Relative Motion

at Very High Speeds

As a young child, I was fascinated by the following question that my father posed to me: If a machine gun, which fires bullets at 100 miles per hour, is mounted on an airplane that flies 200 miles per hour, will the airplane run into its own bullets?

Now equipped with our ideas and equations of relative motion, we know that if the bullets have a speed of 100 mi/h relative to the airplane, they will have a speed of 300 mi/h relative to Earth and, indeed, the airplane will not run into its own bullets.

But how do we answer the following question which seems quite similar?

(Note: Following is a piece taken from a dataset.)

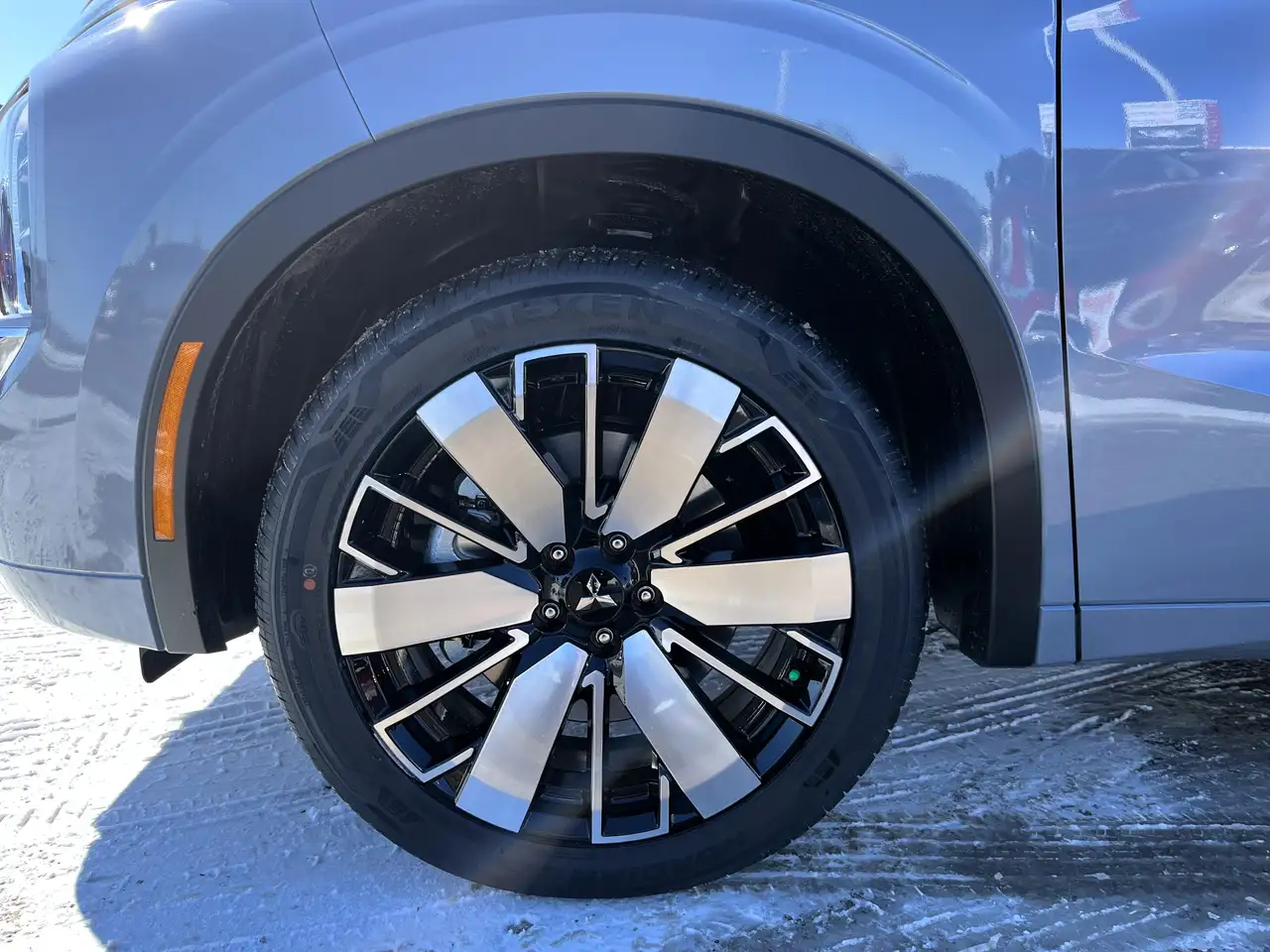 Mitsubishi Outlander снимка Mitsubishi Outlander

If an alien spacecraft fires photon torpedoes forward with a speed of 0.75c (with respect to the spacecraft, of course), while the spacecraft itself has a speed of 0.3c with respect to Earth, how fast are the torpedoes observed to travel with respect to Earth?

The obvious, common-sense, intuitive answer is 1.05c; this is what the Galilean Transformations would give. But velocities greater than c do all sorts of terrible things to the Lorentz Transformations from Special Relativity (like asking for square roots of negaive numbers!).

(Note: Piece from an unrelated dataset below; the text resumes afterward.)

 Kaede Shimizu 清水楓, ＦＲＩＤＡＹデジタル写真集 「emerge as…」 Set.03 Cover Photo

The diagram below shows frames A and B with relative velocity v. In frame B, object C is observed to have a speed of vCB in the x-direction. What is the speed of C with respect to A, vCA?

The answer to this question will have to wait until we study Special Relativity. For very high speeds -- that is, for speeds near the speed of light -- many of our intutive expectations must be modified. This is part of the excitement of Modern Physics.